President of the United States Donald Trump has arrived in Israel on the second stop of his first international trip. He was welcomed with great ceremony by Israeli Prime Minister Benjamin Netanyahu, a host of dignitaries, and a guard of honor. Israelis are looking forward to the president’s visit with a mixture of excitement and trepidation.

Trump is Israel’s new best friend

Netanyahu must look forward to greeting Trump on the soil of his country with great eagerness. He and President Barack Obama detested one another, a great impediment in a region where personal relationships matter.

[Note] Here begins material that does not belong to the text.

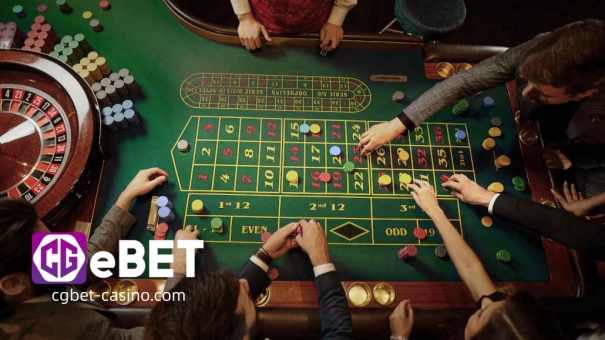 Ang roulette ay isang kumplikadong laro na may maraming pagpipilian sa pagtaya at mga payout. Bago ka mabisang makapaglaro ng roulette, kailangan mong matuto nang higit pa tungkol sa mga odds at payout ng roulette.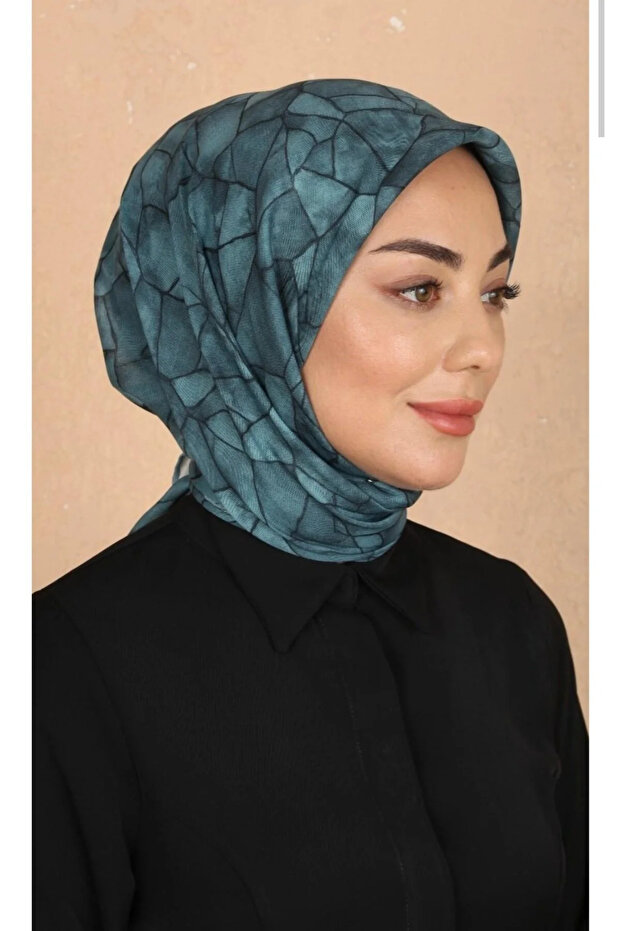 وشاح قطني ناعم مخيط يدويًا بنمط رخامي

Obama had treated Israel as at best an inconvenience and at worse as a quasi-enemy. The former president had forged a nuclear weapons deal with Iran that, in the view of Netanyahu and most Israelis, place the Jewish State in extreme peril. Obama had even bent every effort toward arranging Netanyahu’s defeat in the most recent Israeli elections/

Trump is a different matter altogether. He recognizes that Iran is a threat not only to peace in peace in the Middle East but the very existence of Israel. Trump’s speech in Saudi Arabia proved that the president regards terrorism with the utmost seriousness. Netanyahu can expect that Trump will provide lavish support for Israel as an ally in the war on terror.

He can also have much hope that the American president will bring with him business deals with Israel’s thriving high-tech industrial sector just as he did in Saudi Arabia.

Bringing the Art of the Deal to the Israeli-Palestinian conflict

The variant of an old saying states, “To make an American president mad, first get him to think that he can solve the Israeli-Palestinian conflict.” Trump would like to at least see peace talks between the Israelis and Palestinians, moribund since 2014, jump started.

He will meet with Palestinian leaders while on this leg of his journey. Netanyahu must be nervous because, as history has shown us, every time an American president desires to do a little peacemaking, Israel is expected to make concessions while the Palestinians stand pat and make more demands. They prefer to have peace that does not include Israel or Jews anywhere in the Middle East.

What is likely to happen

Still. Israel is liable to be the gainer once Trump is wheels up on his way to the Vatican. Netanyahu will make sure that the president is lavished with every pomp, ceremony, and praise in public. But he will be a tough negotiator while in private. He will exact a price for entering into what is likely another kabuki dance with the Palestinians. Trump’s boundless ego will appreciate the former. Trump, the purveyor of the Art of the Deal, will hopefully be impressed by the latter.